ABOUT THIS TASK ▸
Everything in the listing below must be reproduced exactly, apart from its images.

PROVIDED MATERIAL ▸
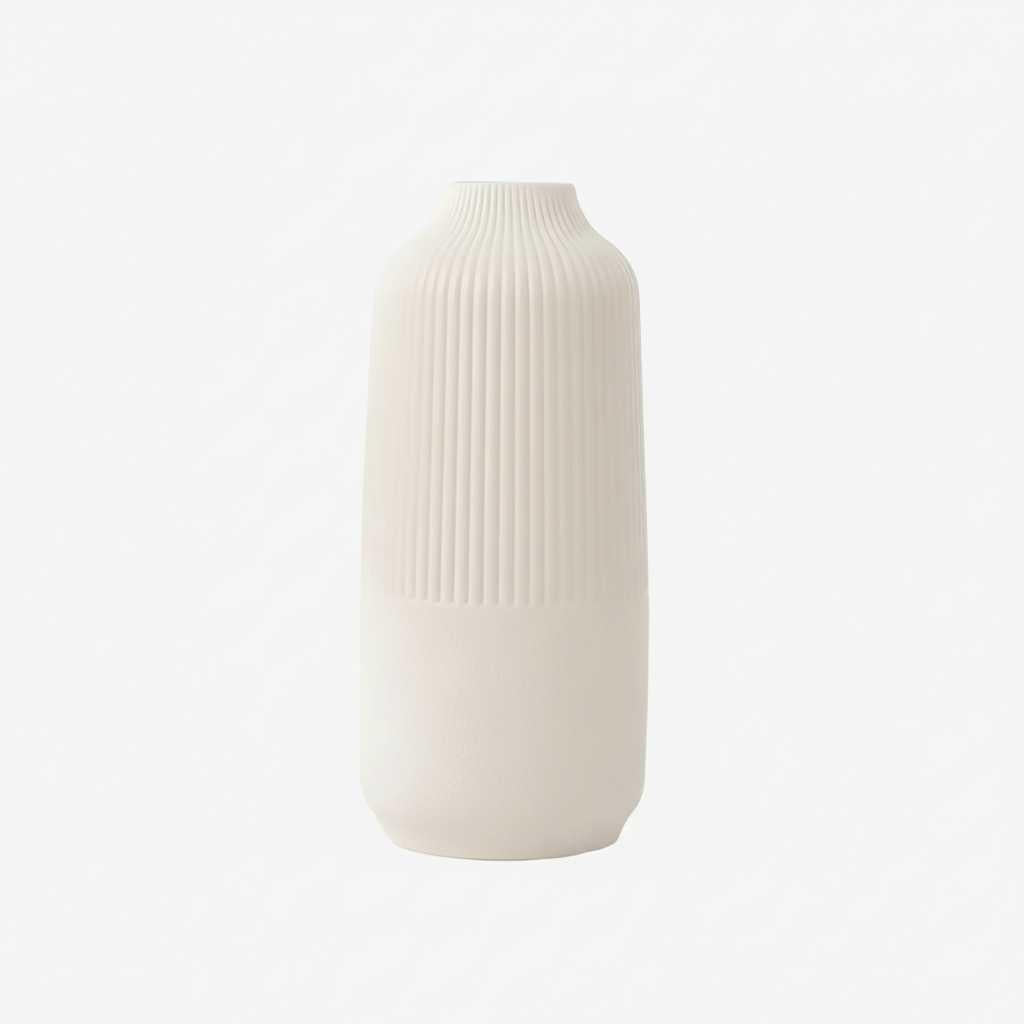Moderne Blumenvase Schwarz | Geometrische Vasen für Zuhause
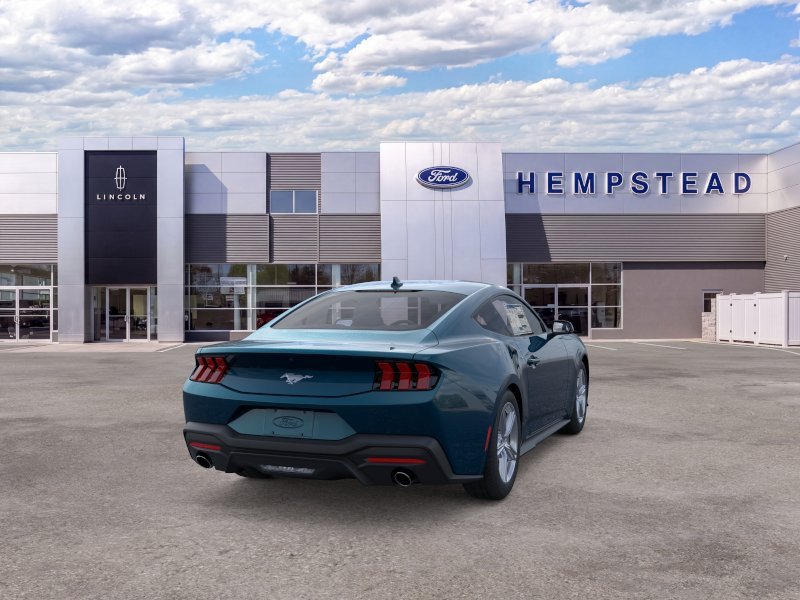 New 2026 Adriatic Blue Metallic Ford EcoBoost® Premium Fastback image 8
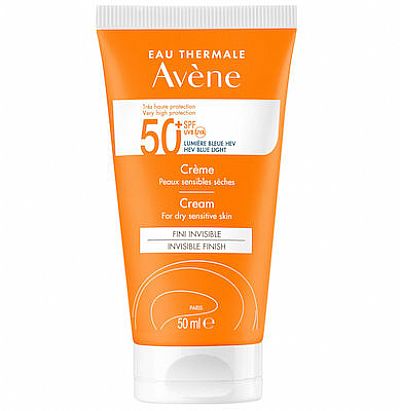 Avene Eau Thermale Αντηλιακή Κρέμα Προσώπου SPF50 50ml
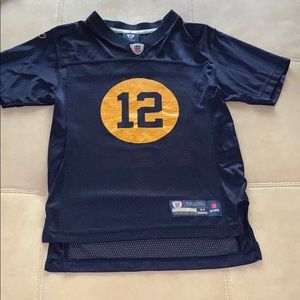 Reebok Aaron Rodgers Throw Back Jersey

RESPONSE FOR THIS EXERCISE ▸
Moderne Blumenvase Schwarz | Geometrische Vasen für Zuhause
 New 2026 Adriatic Blue Metallic Ford EcoBoost® Premium Fastback image 8
 Avene Eau Thermale Αντηλιακή Κρέμα Προσώπου SPF50 50ml
 Reebok Aaron Rodgers Throw Back Jersey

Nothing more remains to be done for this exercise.